The HSC year is tough and draining. There is a high expectation placed upon students, and often learning must be carried out independently. I found the HSC year incredibly challenging but also extremely rewarding. A sense of community is built within each school as students assist and help each other through a stressful period.
The biggest challenge I found was the need for consistency. To be 100% focused on every class, do work every night and spend weekends studying was very difficult, and I cannot say I succeeded in doing this. I had periods where I had to stop. Breathe. Take some time to relax. There is no way that I could have made it through Year 12 if I didn’t give myself some time to stop doing work and take a break.
The HSC and ATAR are funny systems. Everyone keeps talking about why they need to be changed and how they don’t adequately represent the real world, but we were stuck with them. NESA has tried to change the syllabi to stop students merely memorising information, however; this is still the basis of the HSC. If I learnt one skill from the HSC, it was how to remember information. I’m still not sure how impactful this skill will be in my life?
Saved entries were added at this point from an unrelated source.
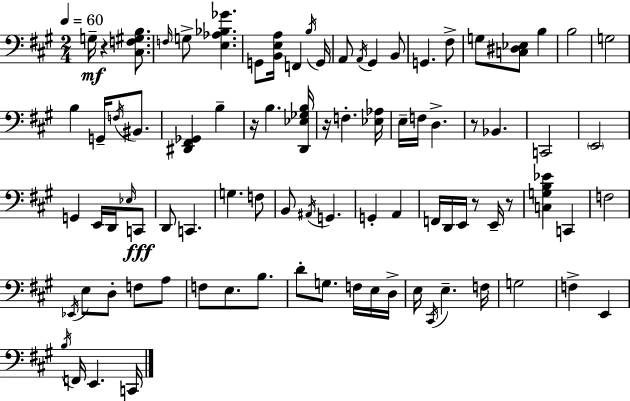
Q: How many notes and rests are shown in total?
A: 88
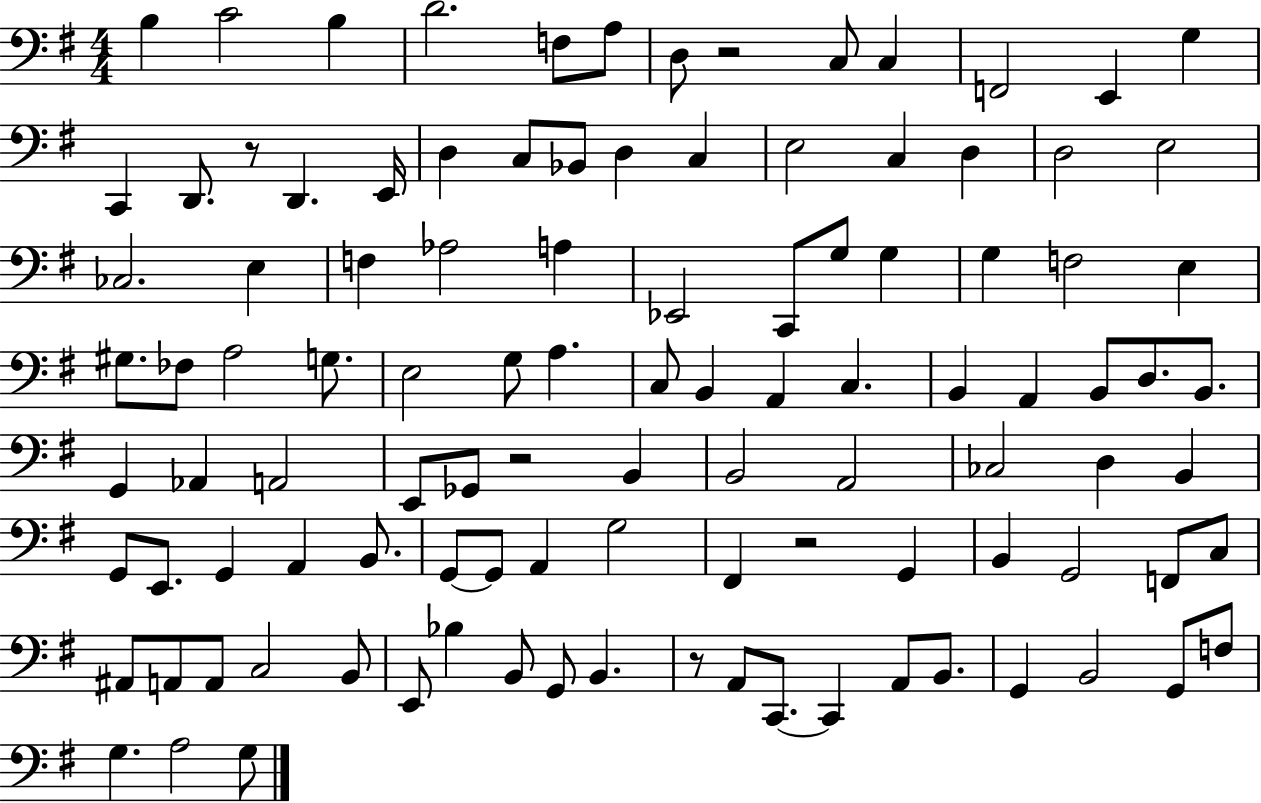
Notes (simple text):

B3/q C4/h B3/q D4/h. F3/e A3/e D3/e R/h C3/e C3/q F2/h E2/q G3/q C2/q D2/e. R/e D2/q. E2/s D3/q C3/e Bb2/e D3/q C3/q E3/h C3/q D3/q D3/h E3/h CES3/h. E3/q F3/q Ab3/h A3/q Eb2/h C2/e G3/e G3/q G3/q F3/h E3/q G#3/e. FES3/e A3/h G3/e. E3/h G3/e A3/q. C3/e B2/q A2/q C3/q. B2/q A2/q B2/e D3/e. B2/e. G2/q Ab2/q A2/h E2/e Gb2/e R/h B2/q B2/h A2/h CES3/h D3/q B2/q G2/e E2/e. G2/q A2/q B2/e. G2/e G2/e A2/q G3/h F#2/q R/h G2/q B2/q G2/h F2/e C3/e A#2/e A2/e A2/e C3/h B2/e E2/e Bb3/q B2/e G2/e B2/q. R/e A2/e C2/e. C2/q A2/e B2/e. G2/q B2/h G2/e F3/e G3/q. A3/h G3/e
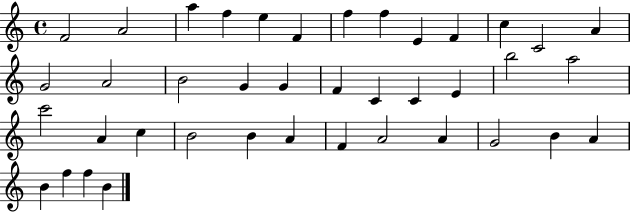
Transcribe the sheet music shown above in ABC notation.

X:1
T:Untitled
M:4/4
L:1/4
K:C
F2 A2 a f e F f f E F c C2 A G2 A2 B2 G G F C C E b2 a2 c'2 A c B2 B A F A2 A G2 B A B f f B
However, the HSC year taught me many valuable skills beyond academics. I learnt skills of organisation, communication, leadership, service, relationships and other character virtues. The year allowed me to push my boundaries, try new things and grow in courage. The opportunities provided to me were endless and I attempted to try everything I could. It was in this process that I truly grew as a person and I would encourage all people to just have a go. To step out of your comfort zone as you never know where it will lead to.
Another issue with the HSC is that it is still hand-written. For years schools have transitioned to using devices in almost all classrooms, but I fear they jumped the gun. The HSC is still hand-written, and if it isn’t changed to digital soon, I am concerned for current Year 7 students who will have to write thousands of words in just a few hours, with limited hand-writing skills and practise.
I am overwhelming glad that the HSC period is over, and I look forward to what lies ahead, not just for me but also for the other students entering into a new stage of life.
Tomorrow I will find out what I will be doing in March 2020. Am I nervous? Definitely. However, what it won’t tell me, is what I’ll be doing from April 2020 and the rest of my life.